The impact of these natural catastrophe events also had an impact on the proportional and per risk reinsurance markets. Reinsurers sought to further limit the amount of catastrophe cover given under these treaties, with commission terms being amended to reflect treaty experience over the past 18 months.
Latin America and Caribbean Property
Property catastrophe rates in the region were stable, with a tendency to increase between 5 percent and 10 percent in the wind-exposed regions. Reinsurers’ views on the extent of the increase are quite divergent. The divergence is often related to each reinsurer’s own first half 2011 catastrophe losses and what each believes the Latin America and Caribbean contribution should be to the recovery of the loss.
The market was slightly more varied than in previous renewals, with some markets looking to grow in the region while others tightened their underwriting criteria. Rates on Chilean catastrophe programs were flat, following the significant increases of last year. Property proportional treaties in the region experienced the same terms and conditions as last year. The ability of buyers to receive any kind of risk adjusted price decrease was virtually gone.

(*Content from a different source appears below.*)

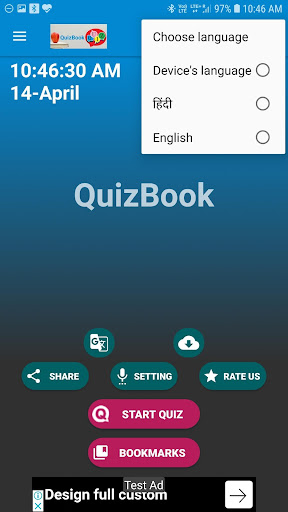 Android application QuizBook: Self Study Quiz App screenshort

Capacity is readily available for property business from existing players and new entrants. However, we saw some pricing resistance on the upper layers of big catastrophe programs, where the key players looked for a better return on their capital in earthquake exposed territories.
Pressure on reinsurers’ proportional capacity continues to grow. Several reinsurers reduced their proportional capacity, as the impact on their own numbers from unlimited sideways coverage of pro rata continued to cause issues. Reinsurers are increasing the scrutiny of their own aggregates and how the aggregates grow. Pro rata is an area that tends to stress reinsurers’ accumulations.

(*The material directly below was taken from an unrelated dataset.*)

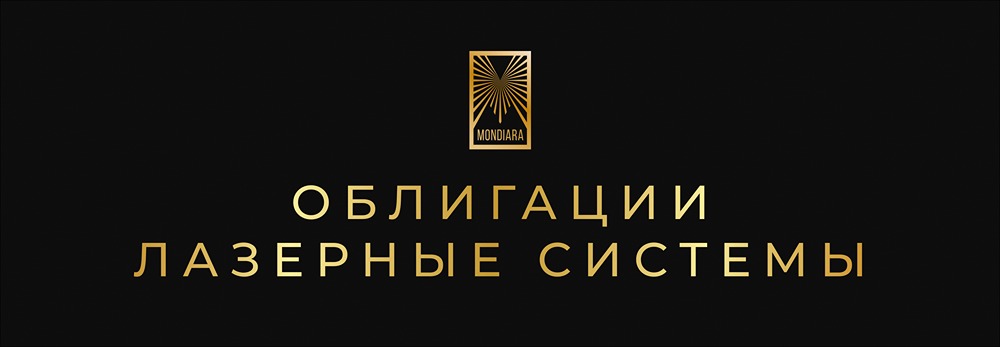 АО «Лазерные системы» выходит на рынок облигаций с серией БО-02: детальный разбор условий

Original property rates were still competitive, as some multinational insurers, many untouched by losses in the Pacific Rim, look to maximize their opportunities arising from the growth in Latin American economies. This is in direct contrast to the trends in reinsurance property rates.
The new regulatory environment in Argentina and Brazil, which proposes to enhance cessions to local reinsurers, has dominated reinsurers’ strategic thinking recently. Ultimately, this is likely to accelerate the development of two hubs for the region: Brazil in the Southern Cone and Miami for the rest of the players in the region.